Problem requirements: Repeat the data exactly, leaving out any image.

======== Entries provided

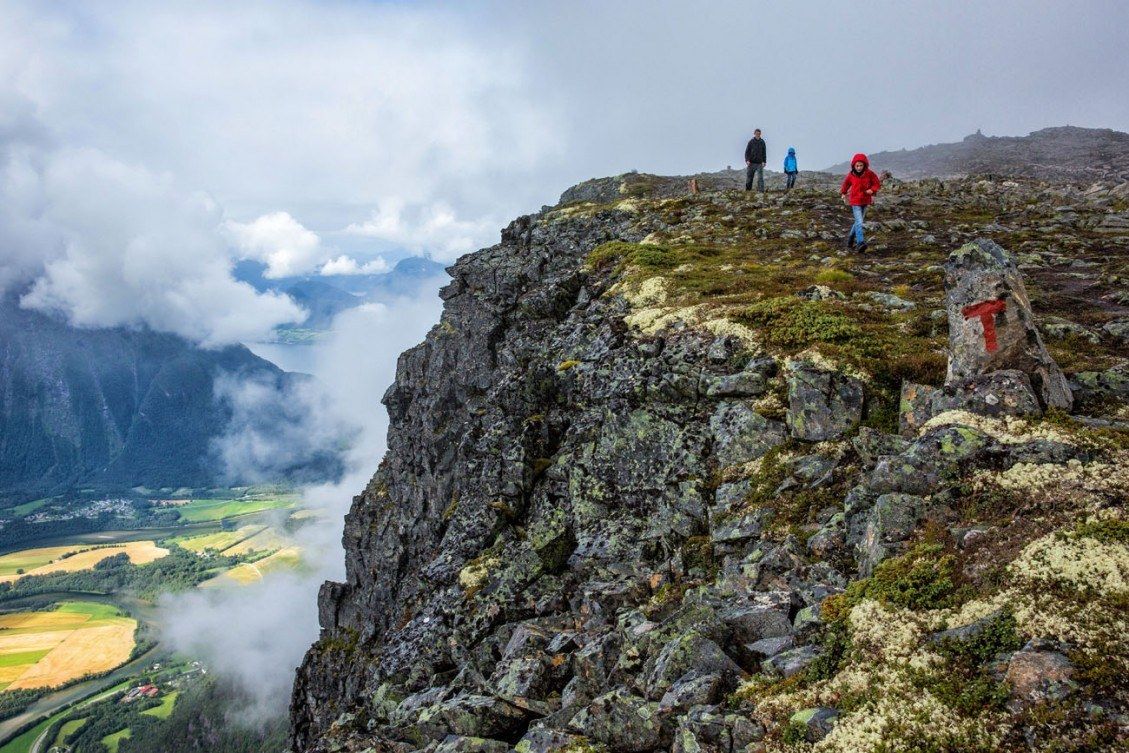 Hiking Romsdalseggen Ridge In Norway Photos Helpful Tips Earth 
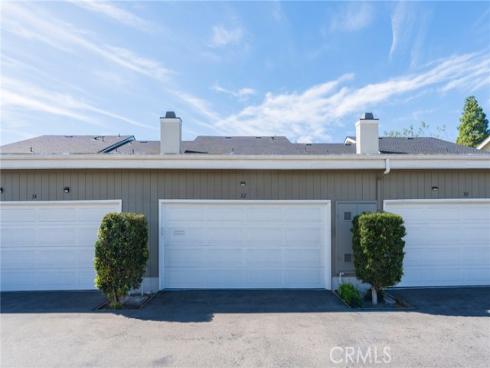 32  Goldenbush  , Irvine, CA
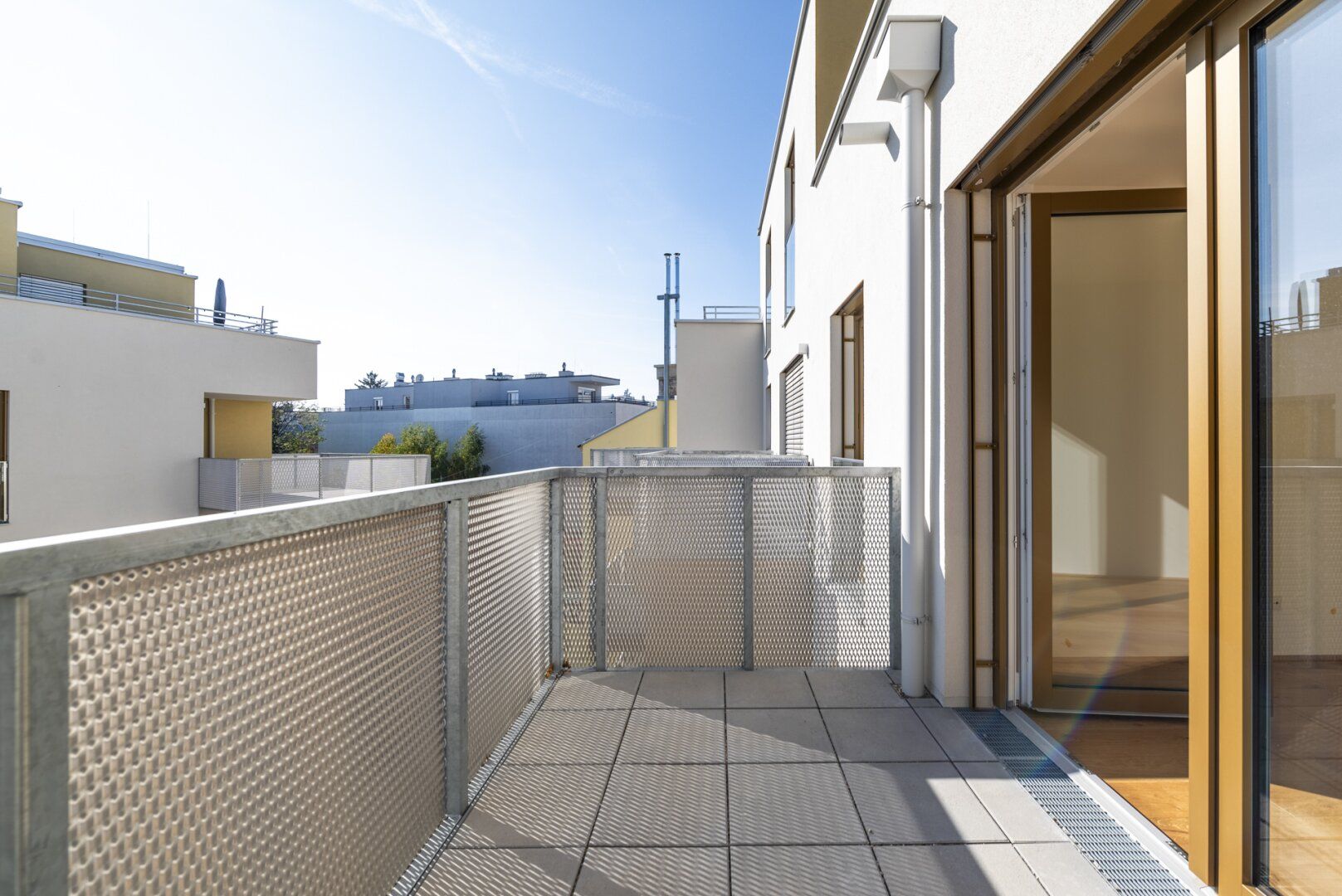 Erstbezug! Lichtdurchflutete 2-Zimmer-Wohnung in Toplage | Mit Balkon und Grünblick
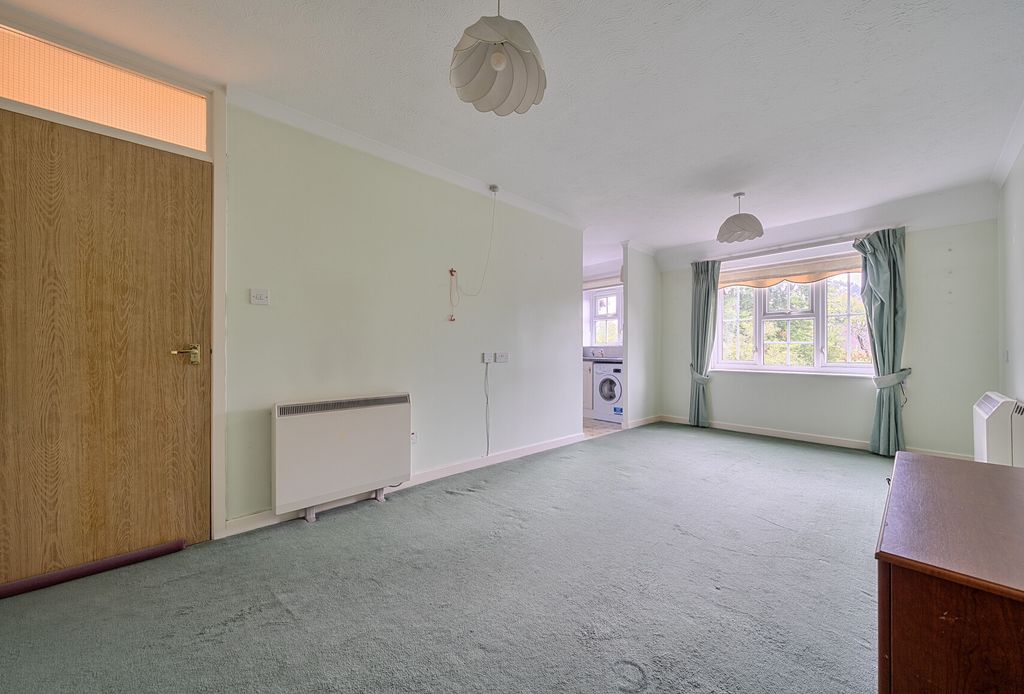 Property photo 2 of 16 1530782-8-1A11647...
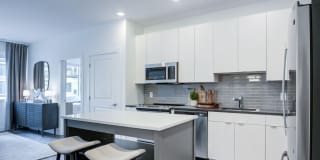 501-31 N COLUMBUS Boulevard Gallery 3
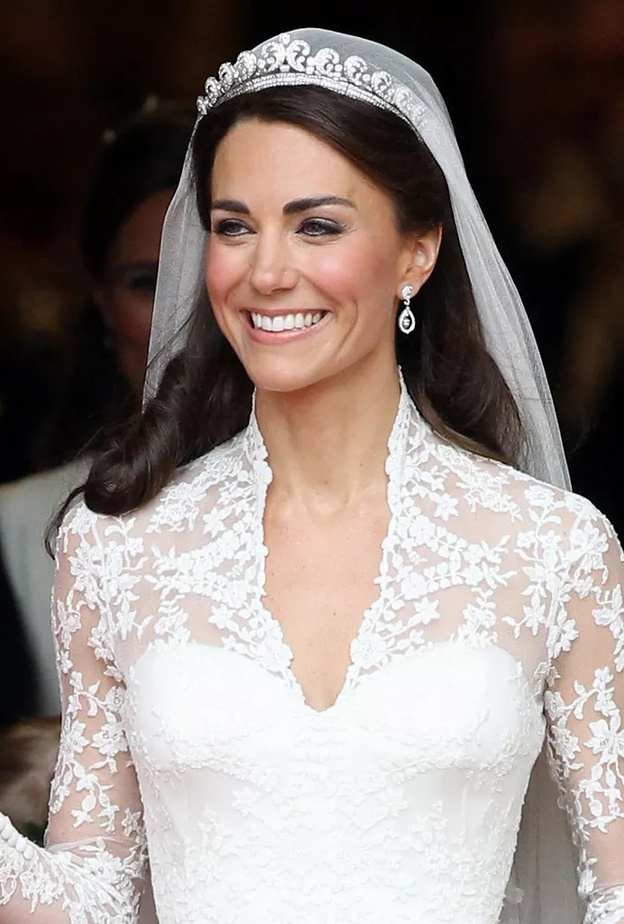 قيام كاثرين أميرة ويلز بوضع مكياج زفافها بنفسها دون الاستعانة بخبير مكياج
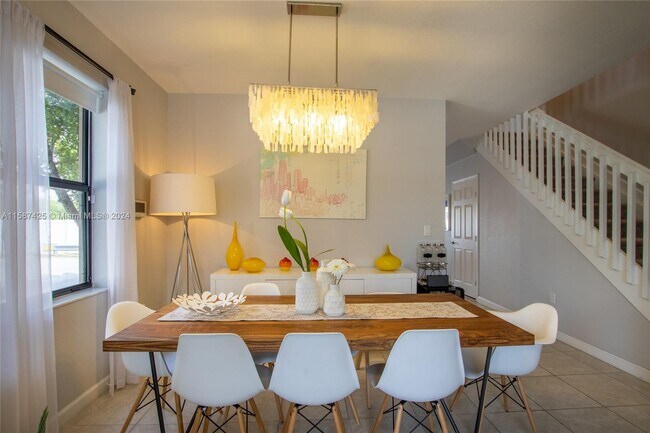 Foto del edificio - 3587 W 89th Pl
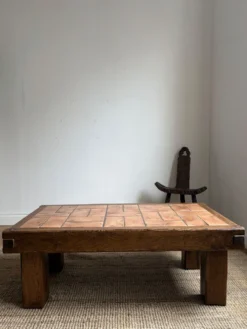 Table basse brutaliste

================

Worked solution:
 Hiking Romsdalseggen Ridge In Norway Photos Helpful Tips Earth 
 32  Goldenbush  , Irvine, CA
 Erstbezug! Lichtdurchflutete 2-Zimmer-Wohnung in Toplage | Mit Balkon und Grünblick
 Property photo 2 of 16 1530782-8-1A11647...
 501-31 N COLUMBUS Boulevard Gallery 3
 قيام كاثرين أميرة ويلز بوضع مكياج زفافها بنفسها دون الاستعانة بخبير مكياج
 Foto del edificio - 3587 W 89th Pl
 Table basse brutaliste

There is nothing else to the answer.